At the end of October, Victor got a letter in the mail. After six years of renting the lot, his month-to-month lease was being terminated.
"We had paid all our payments on time, but in the letter," Victor Jr. says, "it didn’t say the reason why she was kicking us out. So we don’t know."
The letter gave no reason. And by Tennessee law, it didn’t have to. So, Victor, his wife, and their five children had 30 days to move.
It turns out, nearly a dozen families received the same letter. Some lived in a park nearby, also recently acquired by UMH.
Looking for help, the families connected with attorney and former state senate candidate Erin Coleman. She was able to convince Holiday Village to let Victor’s family stay one more month to get through the holidays. But that was all.
On a recent evening inside Victor’s trailer, he and another family facing eviction sit in his living room, venting.
"What we understand that’s happening is that they are trying to update the mobile home park," Coleman says in English as a family member translates.
She’s not sure why UMH chose to terminate their leases, she says. Yes, the trailers were older, but they’re in decent shape.
UMH declined WPLN’s request for an interview. But in a statement, a company spokesman says UMH was well within its legal rights, adding the terminations were due to residents violating community rules. The company representative declined to offer specifics, citing privacy concerns.
The confusion around these sudden lease terminations points to the obvious tension with mobile home parks. You own the structure you live in, but you rent the land it’s on. And in Tennessee, unlike states such as California, New York or New Hampshire, there are few — if any — protections for these residents.
"I’d say 18 states in the country probably have fairly protective laws," says Frank Latimer, director of housing education at Affordable Housing Resources, a Nashville non-profit. "The strange part about it," he adds, "is the largest percentage of manufactured homes are located here in the south and we probably have the least laws that help the tenants than in any other part of the country."

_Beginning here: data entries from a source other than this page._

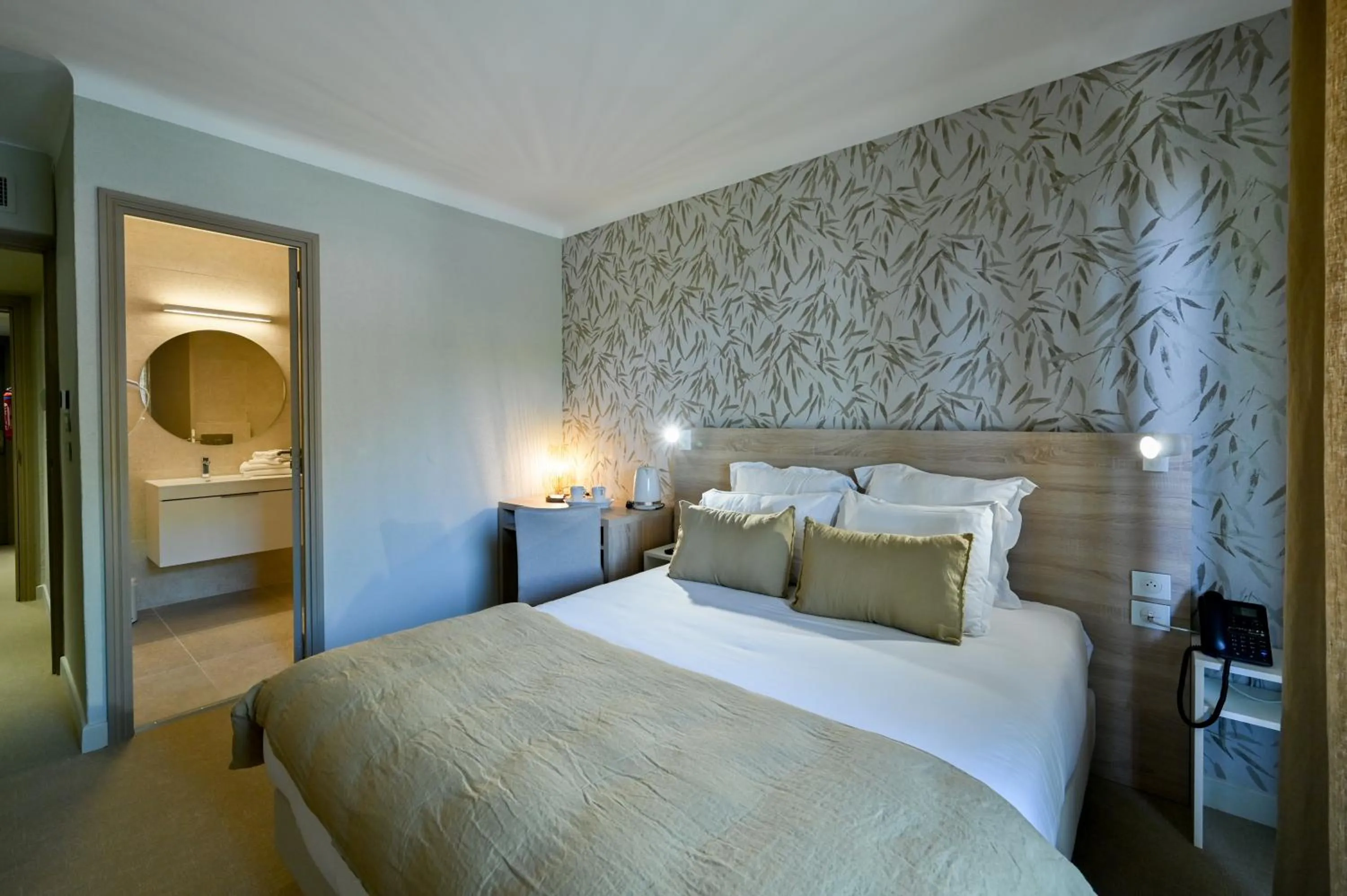 Bed in Hôtel La Ménado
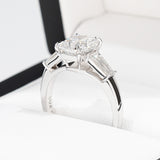 Cushion and Tapered Baguette Three Stone Ring in 18ct White Gold
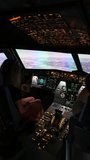 Vertical view of Airbus A320 cockpit during flight, from pilot’s perspective with glowing instrument panels. - Powered by Shutterstock - Get 15% off with code: PIKWIZARD15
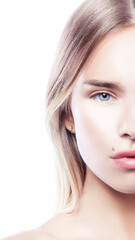 Fototapeta premium Beautiful face of young caucasian girl with natural make-up, perfect skin and blue eyes isolated on white background. Studio portrait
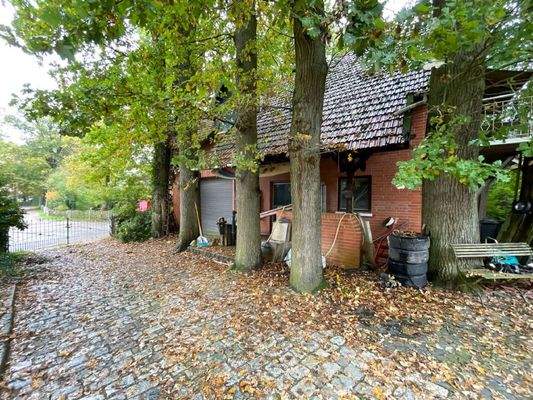 Nebengbeäude unter alten Eichen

In Tennessee, with little oversight from local or state government, it’s up to the park owners to decide how they want to do business — even if a resident own their manufactured home outright. For example, if your lease is terminated and you can’t move the home immediately, a park can take possession and re-rent it as theirs.
"If they told you in 30 days that you had to move your home — and that’s a minimum of $5,000 — most of these people are not even able to move the home, so they lose everything that they have," Latimer says. "So they are left with no place to live and no place to go."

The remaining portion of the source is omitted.